Ancaman Pragmatisme dalam Pemilu

Oleh :
Maswan
Maswan, adalah Dosen Unisnu Jepara, Kandidat Doktor Unnes, Anggota Dewan Pendidikan Provinsi Jawa Tengah 

Dalam penelenggaraan Pemilihan Umum (Pemilu), baik pilpres, pilleg, pilkada (pilgub/pilbub) bahkan pilpet telah diatur dalam perundang-undangan mengenai sanksi pidana dari pelanggaran politik uang (money politinc), namun realitasnya pelanggaran yang dilakukan oleh calon peserta pemilu tetap terjadi, dan anehnya dari pelanggaran tersebut jarang yang mendapat sanksi secara hukum.
Sebut saja, Pemilihan Kepala Daerah (Pilkada), yang kini dilakukan secara serentak telah diatur dalam Undang-undang Nomor 10 Tahun 2016 sebagaimana perubahan UU Nomor 8 Tahun 2015 tentang sanksi pidana bagi pihak manapun yang menjalankan praktik politik uang.
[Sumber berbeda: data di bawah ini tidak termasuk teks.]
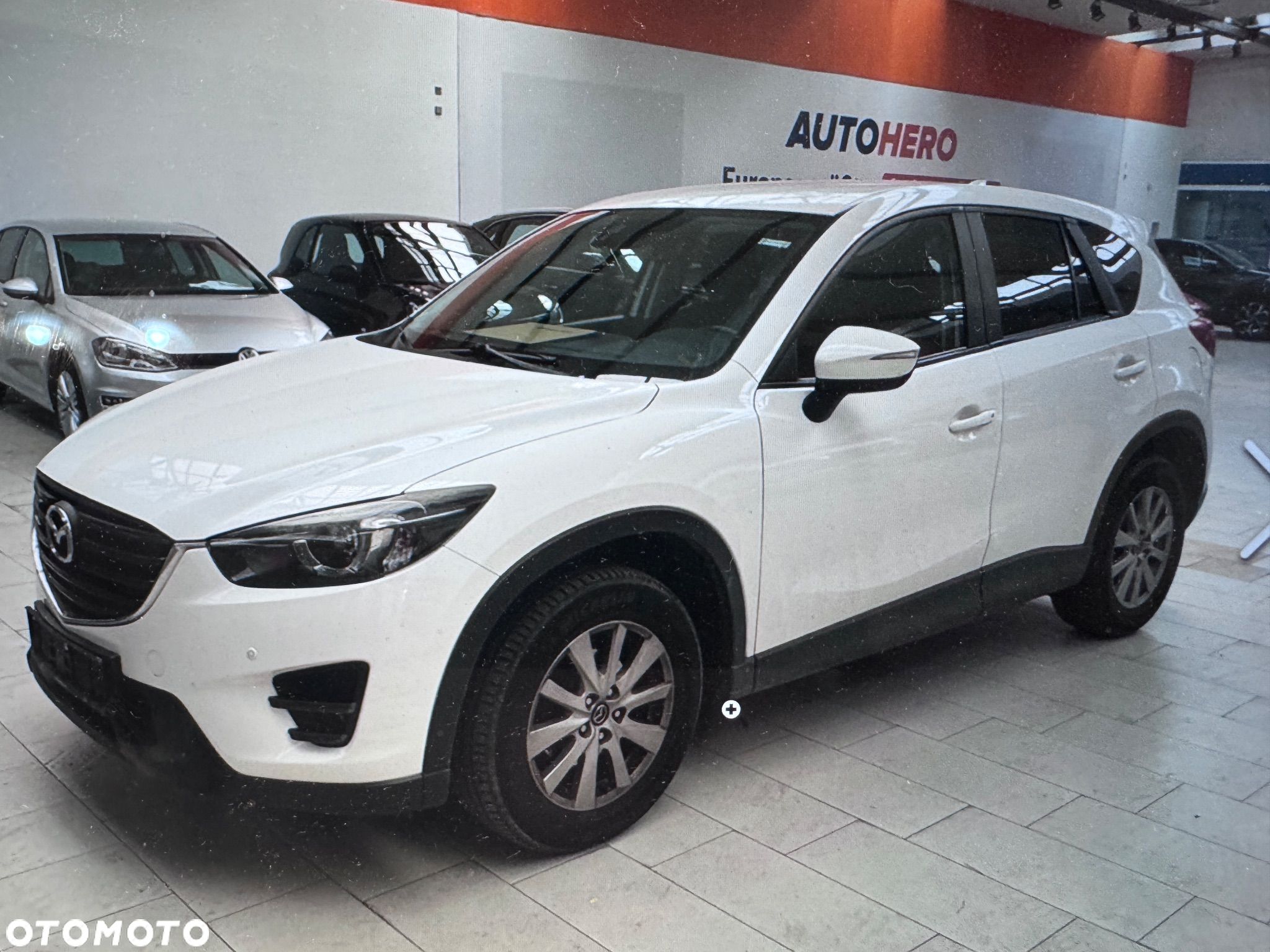 Mazda CX-5 2.2 D Skypassion - 1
Mengenai sanksi dalam pasal 187 poin A hingga D dalam UU Nomor 10 Tahun 2016, tersebut disebut bahwa orang yang terlibat politik uang sebagai pemberi bisa dipenjara paling singkat 36 bulan dan paling lama 72 bulan. Selain hukuman badan, pelaku juga dikenakan denda paling sedikit Rp 200 juta dan paling banyak Rp 1 miliar.
Ketentuan pidana tersebut, tidak hanya berlaku kepada pemberi, tetapi penerima uang berbau politik itu juga dikenakan sanksi pidana yang sama dengan pihak pemberi. Sekalipun ancaman hukuman sangat berat, tetapi pelaku politik uang ini tidak pernah surut, pelakunya tetap berjalan melenggang seolah-olah tidak ada beban.
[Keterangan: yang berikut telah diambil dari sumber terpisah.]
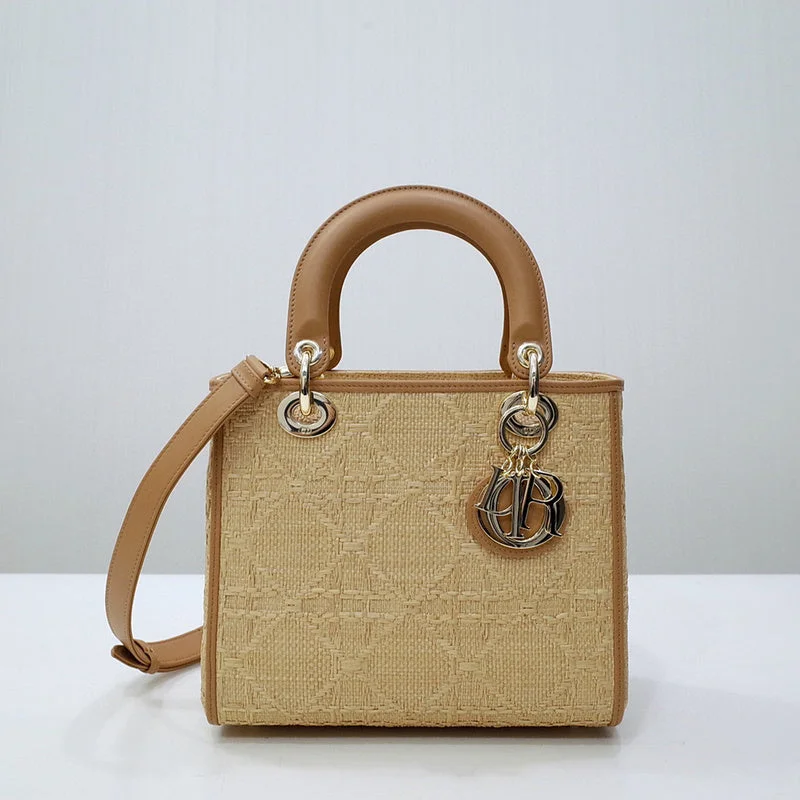 High - fashion Christian Dior bags with a geometric patternChristian Dior  Bags - 4202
Pertanyaannya, mengapa setiap kali ada pemilihan umum, pileg, pilpres dan pilkada tetap ada saja politik uang, padahal para pelaku sebagai calon pimpinan bangsa tersebut sudah berjanji tidak melakukan hal tersebut?
Mencederai Demokrasi
Seperti yang banyak diungkap di media massa, bahwa, Politik uang dengan segala bentuknya telah lama mencederai demokrasi dan merusak hasil pilkada. Bentuk-bentuk politik uang seperti pemberian uang tunai, barang, dan janji-janji politik merupakan teror nyata terhadap otonomi pemilih. Politik uang merupakan bagian dari politik transaksional yang berujung pada jual-beli suara. Mereka yang terpilih karena politik transaksional terbebani untuk mengembalikan modal. (Suara Merdeka, 19/2/2018)
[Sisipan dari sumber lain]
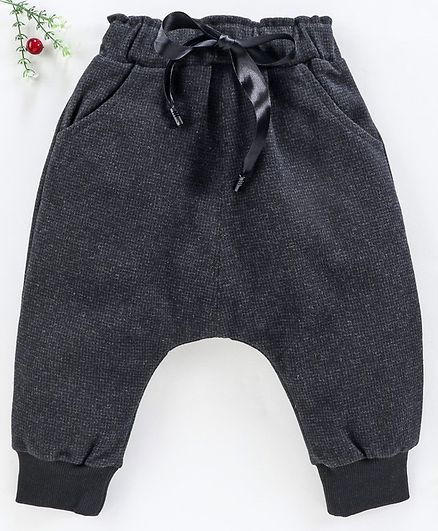 Kookie Kids Full Length Lounge Pant - Black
Mencermati sanksi politik uang sangat berat dan mengerikan, harusnya tidak ada yang berani melanggar. Dan mestinya para calon pemimpin sudah memahami betul bahwa politik uang adalah sebuah pelanggaran hukum ketatanegaraan dan pelanggaran hukum agama. Dalam hukum agama, politik uang itu termasuk kategori suap menyuap dan ini dilaknat oleh Allah SWT.
Dengan tidak ada rasa was-was dan tersembunyi, para calon yang tampil di pilkada tersebut sudah menyiapkan sejumlah uang untuk para pemilih. Menariknya, justru para simpatisan, pendukung dan para calo bersepakat dengan calon yang diusung untuk menentukan jumlah nominal uang beramplop untuk satu suara.
Memang bahasa yang digunakan tidak politik uang, tetapi diubah menjadi uang stimulan agar masyarakat mau menggunakan hak suaranya. Dengan menggunakan bahasa uang stimulan, uang ganti bensin atau apapun bahasanya, kesannya tidak ada unsur suap menyuap. Dengan demikian, peemberian amplop kepada pemilih seolah-olah tidak ada rahasia lagi. Masyarakat secara terbuka juga sudah termindset pada pikiran, setiap ada pemilu pikirannya pada amplop berisi uang, kalau tidak ada amplopnya tidak mau memilihnya.
Istilah NPWP
Masyarakat pemilih, setiap ada pemilu saat ini sudah terkondisikan seperti itu, dan ini seolah-olah sudah membudaya. Masyarakat yang tidak paham politik pikirannya sudah terkontaminasi dengan uang sebagai harga suara yang harus dibeli. Bahkan sekarang ini muncul istilah yang dipakai oleh masyarakat pemilih terhadapat para calon atau kepada tim sukses pemilu dengan menyebut Nomer Piro, Wani Piro (NPWP).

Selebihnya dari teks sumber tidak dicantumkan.